But the voters are not in a good position to affect the regulation of ride services or any other industry. Many people don't vote. Many who do vote are not interested in ride services. Most of those who are interested are what economists call "rationally ignorant." That is, it makes little sense for them to inform themselves about candidates' positions, because the chance that their vote will determine the outcome of an election is vanishingly small. So they vote without knowing what candidates think about ride-sharing regulation. They're also choosing among candidates who hold positions on many issues other than transportation, issues the voters may care about more. Accordingly, it is impossible for voters to weigh in on just the regulation of ride services. Plus, they vote only once every two years. This is a hopelessly indirect and attenuated way for the public to affect the regulation of ride sharing, or anything else.

A Lack-of-Knowledge Problem

Bank capital is a kind of cushion, a layer of cash a bank holds to keep it solvent if it should run into problems such as loans going bad. All banks need to hold some capital, but how much?

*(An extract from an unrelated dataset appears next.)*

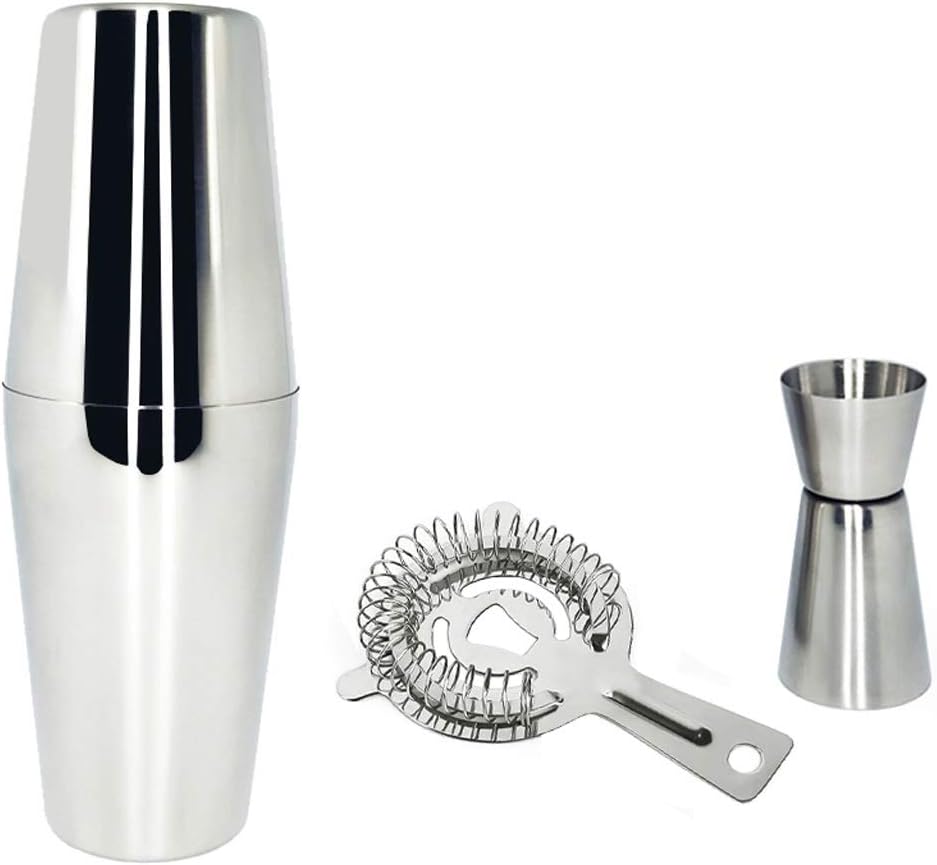 VIDI Professional Bartenders and Family Bars 4 Piece Set of Boston Cocktail Shaker Bartender Kit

Holding too much capital means not lending that money out for productive investment. Not holding enough means exposure to risk if the economy goes south. Who should decide what the right amount is, and how?

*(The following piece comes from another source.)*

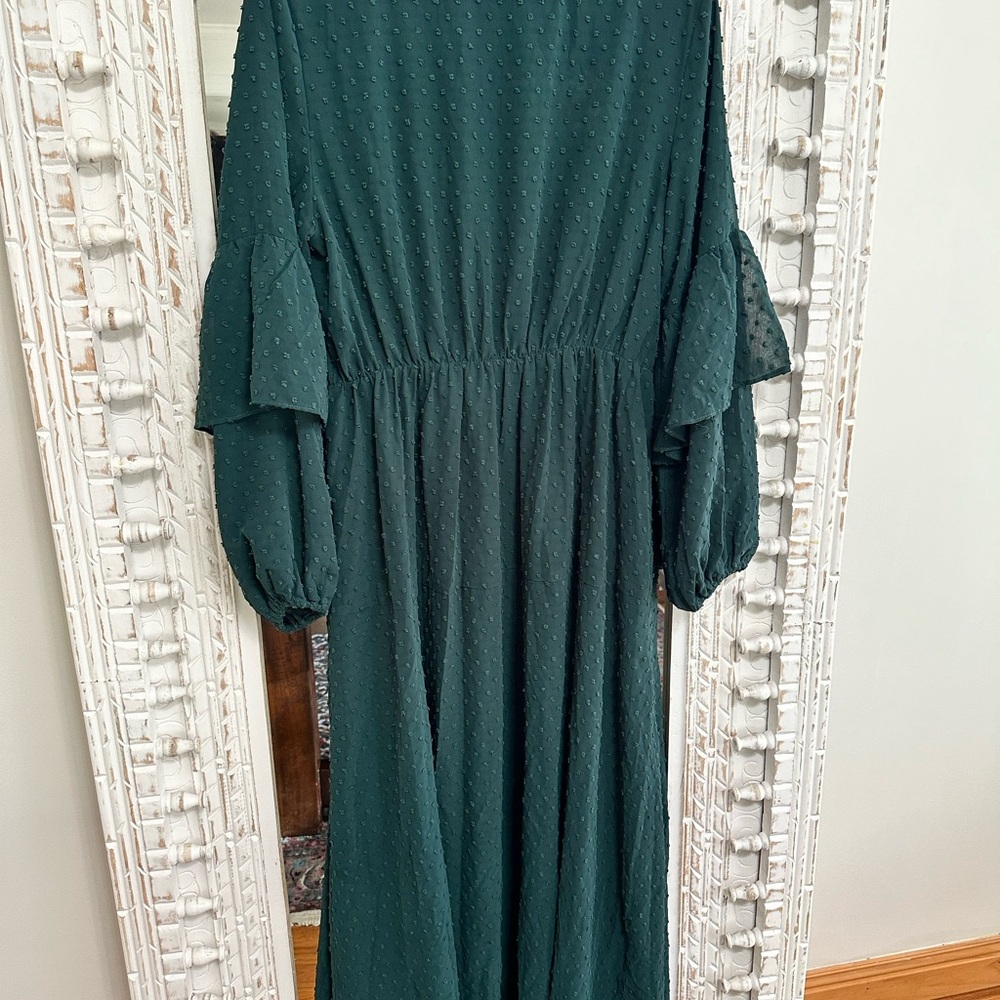 Green Mockneck Maxi Dress fully lined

In the United States today, bank capital adequacy is regulated predominantly by the Federal Reserve and the Federal Deposit Insurance Corporation (FDIC). These bodies restrict banks' freedom to operate as they choose in myriad ways, prohibiting certain kinds of investments, requiring others, and dictating how much capital of what kind must be held against each kind of asset.

Have these "regulations" (wouldn't "restrictions and mandates" be a more descriptive term?) worked well to keep financial institutions sound in the last dozen years? Clearly not, as many banks needed capital injections during the financial crisis. Among the problematic regulations were some declaring that the debt of sovereign nations, such as Greece, is risk-free and thereby requires no capital backing. Those rules are still in effect.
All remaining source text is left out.